A jig is a made up structure which holds your work in place while you are performing a carpenter’s task such as sawing, drilling or glueing. A jig is handy if you are doing a number of repetitious operations (for example, drilling a row of holes at exactly the same position in a cabinet so you can hang a perfectly level shelf) but can also be used for a one-time operation if you don’t trust your ability to control an unpredictable process when wood meets a powerful force.

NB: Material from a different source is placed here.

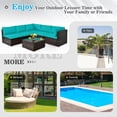 thumbnail image 3 of Patiojoy 6PCS Wicker Patio Sectional Conversation Furniture Set with Coffee Table & Seat Cushions Turquoise, 3 of 6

Making a jig is one delineator between a carpenter who cares about their work and a hobbyist tacking boards together. It’s the physical embodiment of laying the groundwork which a good marketer is going to do as well: define your problem, determine how you are going to approach it, then be clear in your mind about your plan of attack so you don’t get distracted and veer off course during the executional phase. Good copywriters do this without even thinking about it; less-good copywriters just hammer away.
But back to Chris’ jig. The job given to me and a couple of other guys was to hang siding along a 20 foot run. As he described the project Chris asked me, “do you want a jig?” That was music to my ears. Each row of siding needs to be perfectly level and it needs to overlap the previous row at exactly the same measure from the bottom. Trying to eyeball this with a long floppy board would create something ugly. So Chris made a jig. He took a 10” length of 2×4, ripped it down the middle to the 6” mark, then turned it 90 degrees and made a crosscut that met the first one to create a piece that looked like an L if you held it sideways. And then he made another jig exactly the same as the first one. If each guy takes a jig and fits in the shelf of the L under the previous row of siding, then rests the next piece on the top of the L, the work is in perfect position to nail into place.
Now it may occur to you there would be an easier way to do exactly the same thing. Just get two pieces of wood (you could even use scraps from the siding) then fasten them together offset at 6” to produce the two shelves you need to hold the work. But Chris did it the hard way because it gives him pleasure to make something that works well. Not a bad role model for copywriters.